Someone used to say “power is nothing without control!”To be more weighted it means to be slow and not in a good solid base most of the times.
That’s why I think when you face a taller and weighted opponent, you have to concentrate your attacks at the legs(base)where all the weight is supported by, turning his virtue into a defect. Telling this I remember a k1 fight between Mike Bernardo vs Butterbean.(here is the link: http://www.youtube.com/watch?v=MUtp55a8hKg&feature=related ) Of course in this case there’s no such a big difference of weight between them and we’re not talking about an everyday self defense situation.

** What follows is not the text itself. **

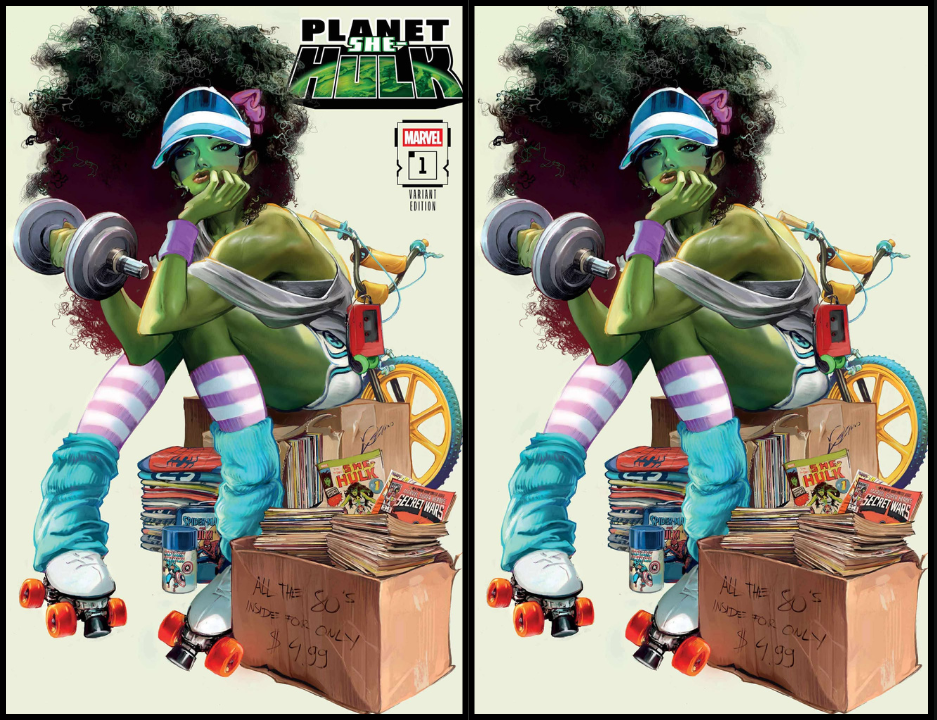 PLANET SHE HULK #1 LOZANO - TRADE DRESS & VIRGIN - SET OF 2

Just let’s say that size matters, but not always…butterbean helps us again: http://www.youtube.com/watch?v=zKwoQZR-CnI&NR=1
Essentially (I’m 6,00”inches tall x 240lbs ) I think what really matters in real fight situation are “premeditation” and “surprise factor”,more than size or skills! The difficult part is to try to prevent them… ;)
Loren Christensen says
Good stuff, Wim.
Pieter says
Awesome article
Like you explained so well in your previous articles.
Combat sports can only cover a piece of the pie of violence.
I agree with that size and weight matter a lot.
However i think this is only true to a certain level.
When two people in a combat sport are both equally skilled and experienced.
Usually the guy who is bigger and heavier will win.
However this does noth say size is the determining factor.
Und that combat sports techniques won,t work on bigger people.
When i sparred with kickboxing und i used some throws/trips they had no idea what happened leth alone how to prevent gething thrown.
I dropped big dudes without effort.
However against Judo guys that size i am at a huge disadvantage.
So i think that when the skills are kinda equal then size starts to kick in.
Here some videos where David beats Goliath:
http://www.youtube.com/watch?v=-8iTAaJCVjg
Hong Man Choi defintely had the size advantage yet he lost.
Und here Andrei Arlovski (2nd place World Sambo championships und former UFC heavyweight champion) gets outgrappled by Marcelo Garcia.
http://www.youtube.com/watch?v=QRWUatsDRzE
Tom says
I agree mostly with Daniele. Size matters to some extent. However, a lot of bigger people are simply fat and slow. Furthermore, to be effective muscle needs to be lean, Just look at all those body builders and bouncers. They are all bulking with muscle but lack speed, technique and stamina. Often a lighter and quicker fighter can simply wear out a bigger opponent.
Wim says
Try this and then this.
Another point is this: self-defense is not a 5-round MMA championship fight. Your reasoning not only assumes the big guy is slow, it also assumes you will have the time to wear him down. Those are risky assumptions that in many cases are mistaken.
As a general strategy, I always assume my opponent is stronger, more skilled and faster than I am. If he is, then I have already taken those factors into account. If he isn’t, then my life just became a whole lot easier than I thought. Either way, I’m better off than hoping he’ll suck.